On the ‘no discretion’ to refuse, we had MacDonald and @JWJBowden, who drew on precedents and internal government guidance: https://papers.ssrn.com/sol3/papers.cfm?abstract_id=2282759

This is also the view of Brun and Tremblay from Laval.
The discretion side relies on the GG’s discretion to refuse a dissolution and the wider notion of the vice-regal as a guarantor of parliamentary democracy.
My own view is that you can never rule of vice-regal discretion, but that the refusal of advice comes with a consequences, namely the effective dismissal of the first minister.
A widely held view out there is that, except for dissolutions shortly after an election, the Crown won’t refuse advice unless the first minister has lost confidence.
If we extrapolate from that position, I’d argue that refusing advice when confidence hasn’t been lost is tantamount to the Crown saying that the ministry no longer enjoys its confidence or that the Crown suspect the confidence of the legislature has de facto been lost.
Interestingly, the UKSC didn’t question the Queen’s acceptance of advice for a prorogation the court deemed unconstitutional.
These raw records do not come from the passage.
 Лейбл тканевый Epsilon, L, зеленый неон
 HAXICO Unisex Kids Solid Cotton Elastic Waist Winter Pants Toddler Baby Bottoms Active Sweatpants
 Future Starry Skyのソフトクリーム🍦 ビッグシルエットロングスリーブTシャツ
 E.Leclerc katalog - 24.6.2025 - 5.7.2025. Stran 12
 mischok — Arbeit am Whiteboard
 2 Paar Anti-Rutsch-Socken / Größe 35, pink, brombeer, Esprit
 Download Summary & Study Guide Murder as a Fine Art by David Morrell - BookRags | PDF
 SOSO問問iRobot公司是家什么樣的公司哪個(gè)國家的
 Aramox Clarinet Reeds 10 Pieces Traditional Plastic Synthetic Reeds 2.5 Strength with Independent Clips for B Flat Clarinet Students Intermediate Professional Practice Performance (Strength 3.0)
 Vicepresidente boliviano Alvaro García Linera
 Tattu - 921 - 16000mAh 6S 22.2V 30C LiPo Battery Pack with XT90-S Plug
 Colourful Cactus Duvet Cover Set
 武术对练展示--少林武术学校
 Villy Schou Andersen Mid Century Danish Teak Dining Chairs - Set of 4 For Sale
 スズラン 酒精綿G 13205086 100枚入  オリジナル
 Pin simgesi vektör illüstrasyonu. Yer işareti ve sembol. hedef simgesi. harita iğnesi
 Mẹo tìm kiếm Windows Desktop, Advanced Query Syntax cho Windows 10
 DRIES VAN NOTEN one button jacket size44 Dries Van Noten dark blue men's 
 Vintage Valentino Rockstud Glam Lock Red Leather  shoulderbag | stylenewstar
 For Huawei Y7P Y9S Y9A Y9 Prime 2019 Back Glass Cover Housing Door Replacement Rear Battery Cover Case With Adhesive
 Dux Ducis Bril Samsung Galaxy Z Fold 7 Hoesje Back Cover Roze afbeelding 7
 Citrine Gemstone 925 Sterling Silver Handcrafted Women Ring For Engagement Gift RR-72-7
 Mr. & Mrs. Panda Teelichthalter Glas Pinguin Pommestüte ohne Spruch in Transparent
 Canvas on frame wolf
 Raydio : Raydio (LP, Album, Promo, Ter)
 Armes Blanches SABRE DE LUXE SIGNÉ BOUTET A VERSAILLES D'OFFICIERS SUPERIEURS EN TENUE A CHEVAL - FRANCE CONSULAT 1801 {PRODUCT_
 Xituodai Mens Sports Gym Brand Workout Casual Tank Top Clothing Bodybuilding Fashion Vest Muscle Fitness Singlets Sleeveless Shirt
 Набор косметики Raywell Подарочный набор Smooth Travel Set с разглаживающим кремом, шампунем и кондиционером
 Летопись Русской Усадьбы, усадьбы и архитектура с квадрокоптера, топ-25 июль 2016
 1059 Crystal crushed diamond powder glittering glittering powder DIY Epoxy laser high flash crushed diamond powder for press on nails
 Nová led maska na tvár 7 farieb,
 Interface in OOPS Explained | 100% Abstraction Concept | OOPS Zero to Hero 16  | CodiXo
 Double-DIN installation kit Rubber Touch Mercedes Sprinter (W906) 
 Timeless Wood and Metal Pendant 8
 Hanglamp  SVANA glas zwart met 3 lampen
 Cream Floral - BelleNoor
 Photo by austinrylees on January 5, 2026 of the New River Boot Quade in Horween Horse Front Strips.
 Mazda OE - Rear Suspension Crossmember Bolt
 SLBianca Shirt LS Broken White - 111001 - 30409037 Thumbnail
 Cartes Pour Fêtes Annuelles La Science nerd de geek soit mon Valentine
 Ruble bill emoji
Perhaps now that we’ve have governments of both stripes engaging in hardball prorogations, we can have a less passionate academic debate about the matter. *cough*
Someone let me know if they see an editorial cartoon of the PM as a king. This is a key piece in any game of prorogation bingo.
To my mind, the best course of action given the amending formula is to build up a practice around short, purposeful prorogations and against long, tactical ones. Over time, that practice could gel into a veritable convention.